• Problem to work on
For the records below, reproduce exactly the line that contains "Продается 3-комнатная квартира" and all subsequent lines, with nothing left out and nothing added.

(Crawled caption data)
┄┄┄┄┄┄┄┄┄┄┄┄┄┄┄┄┄┄┄┄
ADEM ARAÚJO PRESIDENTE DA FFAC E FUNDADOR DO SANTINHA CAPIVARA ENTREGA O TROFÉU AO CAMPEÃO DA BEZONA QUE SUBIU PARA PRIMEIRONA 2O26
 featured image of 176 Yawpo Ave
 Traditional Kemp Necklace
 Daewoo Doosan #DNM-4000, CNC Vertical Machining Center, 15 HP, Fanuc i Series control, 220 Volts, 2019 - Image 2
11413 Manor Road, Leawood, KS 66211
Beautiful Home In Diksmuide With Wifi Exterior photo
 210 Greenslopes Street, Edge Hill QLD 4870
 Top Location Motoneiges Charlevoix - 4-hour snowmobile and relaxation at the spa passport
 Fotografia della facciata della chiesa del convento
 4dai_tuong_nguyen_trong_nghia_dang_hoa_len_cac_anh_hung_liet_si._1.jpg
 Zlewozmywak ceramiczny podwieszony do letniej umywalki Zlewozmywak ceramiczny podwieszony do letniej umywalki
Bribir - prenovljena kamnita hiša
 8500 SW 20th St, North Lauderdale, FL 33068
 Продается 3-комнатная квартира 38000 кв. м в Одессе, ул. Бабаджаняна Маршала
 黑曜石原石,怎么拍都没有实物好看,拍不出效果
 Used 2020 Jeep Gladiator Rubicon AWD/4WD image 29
┄┄┄┄┄┄┄┄┄┄┄┄┄┄┄┄┄┄┄┄
• Exercise result
 Продается 3-комнатная квартира 38000 кв. м в Одессе, ул. Бабаджаняна Маршала
 黑曜石原石,怎么拍都没有实物好看,拍不出效果
 Used 2020 Jeep Gladiator Rubicon AWD/4WD image 29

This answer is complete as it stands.